Lost in this shuffle of state differences, is Pennsylvania provincial legislature led, and was the ultimate beneficiary in the struggle for power with the Proprietary Group. The House of Burgesses never did what the Pennsylvania General Assembly did, and in the end the latter retained its own prerogatives in state-policy-making, carving out its role in what still-remained a fairly decentralized policy process. The General Assembly developed its own policy agenda, some of which was a response to sub-provincial demands, but most of which emanated from Pennsylvania-wide issues and concern. The first and foremost was to carve out additional power from the Proprietary–and to replace it with a royal governor. The Assembly also conducted its own foreign policy agenda–with the Board of Trade especially–but it was the chief defender of Pennsylvania policy autonomy from English colonialism.

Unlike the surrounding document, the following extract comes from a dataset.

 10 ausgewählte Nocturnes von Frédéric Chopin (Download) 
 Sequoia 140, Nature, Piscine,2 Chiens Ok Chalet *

It also handled larger issues that rose from the Philadelphia economic base, and balanced all of that by attempting to cope with the western hinterland expansion of settlement and population movement. The ever-chronic intrusion of Quaker dissatisfaction and activism naturally flowed to the provincial-level for resolution. Finally, impacts of sustained European migration were fought out in the General Assembly, even though they were felt more severely at local levels. All this was due, I suggest, because the Legislature was itself generally dominated by the Quaker Party whose leadership developed into a semi-formal Quaker oligopoly that wheeled, dealed, brokered, and distributed the benefits of policy outputs.
In this, we may be seeing the first embryonic broker political machine on American soil. That machine-broker style was, in my reckoning, a result of the Proprietary-Legislative war, which I contend was in effect a civil war between Pennsylvania branches of government–a war whose residue left a battered, fragmented, and substantially weakened executive branch for future generations.